Ocean data from Northeast Greenland has shown, for the first time, an increase in freshwater content in Greenland fjords which could affect global ocean currents that keep Europe warm, science news website Science Daily reported, on the basis of a study published online in journal Nature, Scientific Reports on October 13 this year.
Researchers at Aarhus University, Denmark presented 13-year time series data in the journal, showing how melting ice affects water off the coast of Northeast Greenland.
"Over the years, the dramatic meltdown of ice in the Arctic Ocean has received great attention and is easy to observe via satellite images. Also, glaciers have been observed to melt and retreat and the researchers know that today's meltdown of the Greenland ice sheet has more than doubled compared with the period 1983-2003. How the increased influx of fresh water will affect the marine environment is, however, largely unknown," Science Daily reported.
The 'Greenland Ecosystem Monitoring Programme' has been measuring the melt since 2003 in Northeast Greenland. This measurement tells a clear tale of fresh water from the ice sheet accumulating in the surface layers of the surrounding sea and flowing into Greenland fjords, the paper said.
At the point where measurements were made, Young Sound, and the sea around it, calculating from the decrease in salinity, scientists estimated that the ice melt had resulted in an increase "equivalent to freshwater content from approximately 1 m in 2003 to almost 4 m in 2015!"
Science Daily explained: "More fresh water in the surface water layers makes it harder for the nutrient-rich bottom water to rise to the upper layers where the sunlight ensures the production of plankton algae in summer."
Plankton algae form the basis of all life in the sea. Lower algae production would mean lesser fish. "Today, fishing constitutes approximately 88% of Greenland's exports," Science Daily said.

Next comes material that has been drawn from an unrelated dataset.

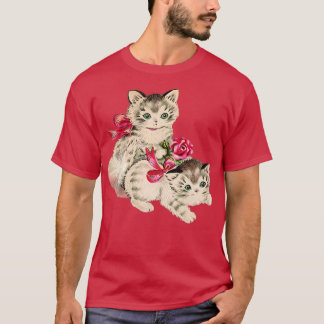 Kätzchen mit rosa Bogen T-Shirt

The melting of the ice sheet in Northeast Greenland is significantly lower than in southern and western Greenland. So the effects may actually be far more dramatic in other parts of the Greenland coastal waters than in Young Sound, the researchers behind this study point out.
On a global scale, this increase in sea level may impact ocean circulation patterns through what is called the 'thermohaline circulation' - this is what sustains the Gulf Stream, for instance, the swift Atlantic ocean current that keeps Europe warm.